Photos: Louisiana Tech Bulldogs visits Univ. La. Lafayette Ragin' Cajuns _lowres

Advocate staff photo by BRYAN TUCK -- UL-Lafayette quarterback Terrance Broadway carries the ball downfield during a 48-20 loss to Louisiana Tech on Sept. 6 at Cajun Field.

LAFAYETTE — A somber and determined Terrance Broadway took the podium in the belly of Vaught-Hemingway Stadium and searched for a sword to jump on.

The Louisiana-Lafayette quarterback scanned the room while he spoke, but his gaze seemed to be replaying missed throws and opportunities from the game rather than locking onto people eye-to-eye. His voice trembled just a touch, but it wasn’t the kind of tremor that comes with frayed nerves or confidence.

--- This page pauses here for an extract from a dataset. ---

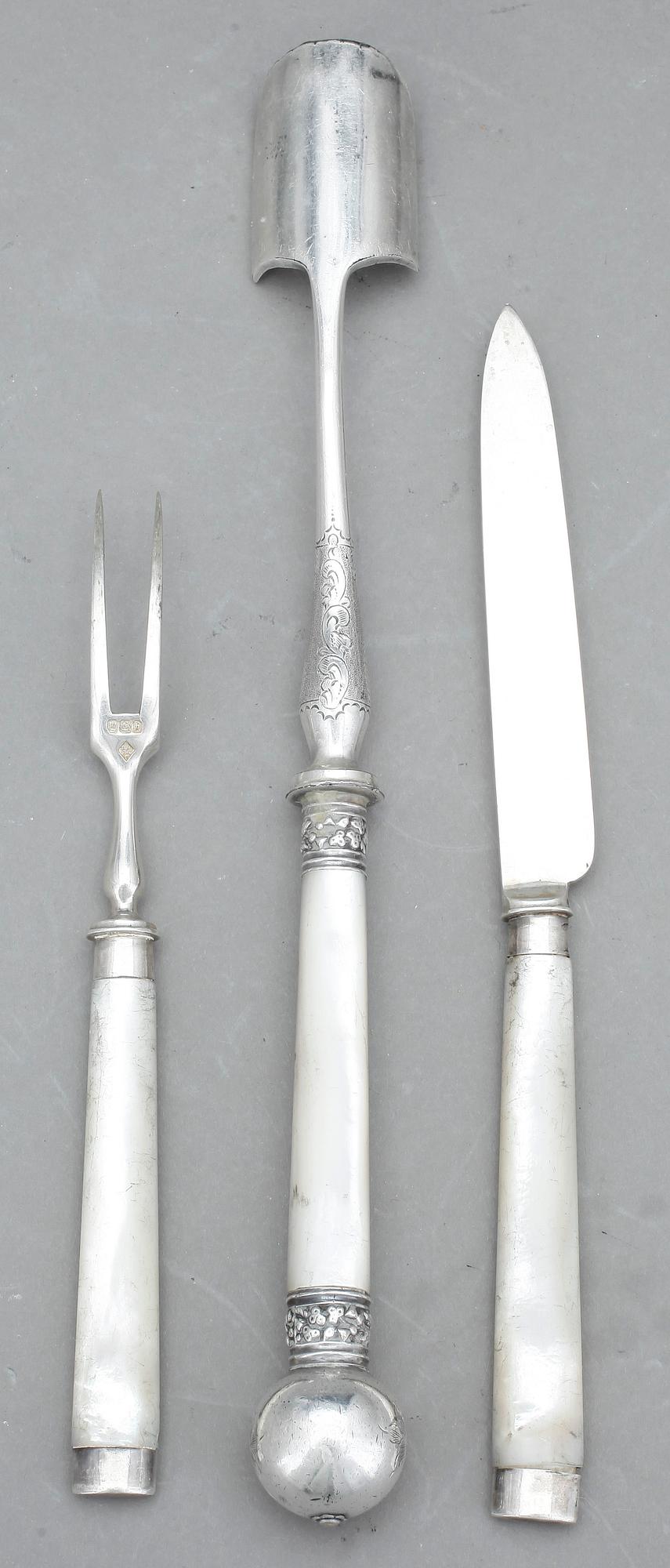 FRUKTBESTICK, 14 delar, silver och pärlemor, Sheffield 1900.
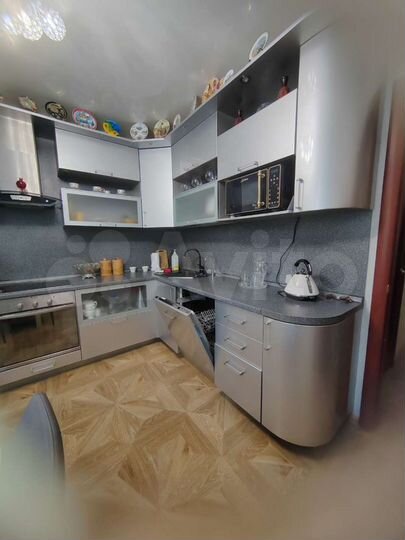 2-к. квартира, 60,5 м², 10/16 эт.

It was anger — the kind of barely checked anger that was simmering just below the surface. The kind of anger that comes when you know that you did not meet your own expectations, and others paid for it.

Dismal doesn’t adequately describe Broadway’s play that day against then-No. 14 Ole Miss. He threw three interceptions in the 56-15 loss, finishing with a 66.1 passer rating — the lowest of his career.

“I’ve got to play better,” Broadway said that night. “It’s no secret: My performance tonight was unacceptable. It won’t happen again. I will fix it.”

It was a promise. Judging by his performance lately, it was a promise the senior intends to keep.

While Broadway did have one more clunker the next week against Boise State, he has since rediscovered the form that made him the player that kept opposing defensive coordinators awake when game-planning for the Cajuns offense.

In the past two weeks, Broadway has assembled his top two performances in terms of completion percentage, yards per attempt and passer rating this season. But to qualify Broadway as a success because of what he has done in the passing game would be to misidentify his true importance to the offense.

Last week, he had his first 100-yard rushing game since the 2012 New Orleans Bowl, and it wasn’t just the number of yards Broadway attained, but the way he did it. You didn’t want to be a defender in Broadway’s way, because he wasn’t going to do the quarterback thing and slide or run out of bounds.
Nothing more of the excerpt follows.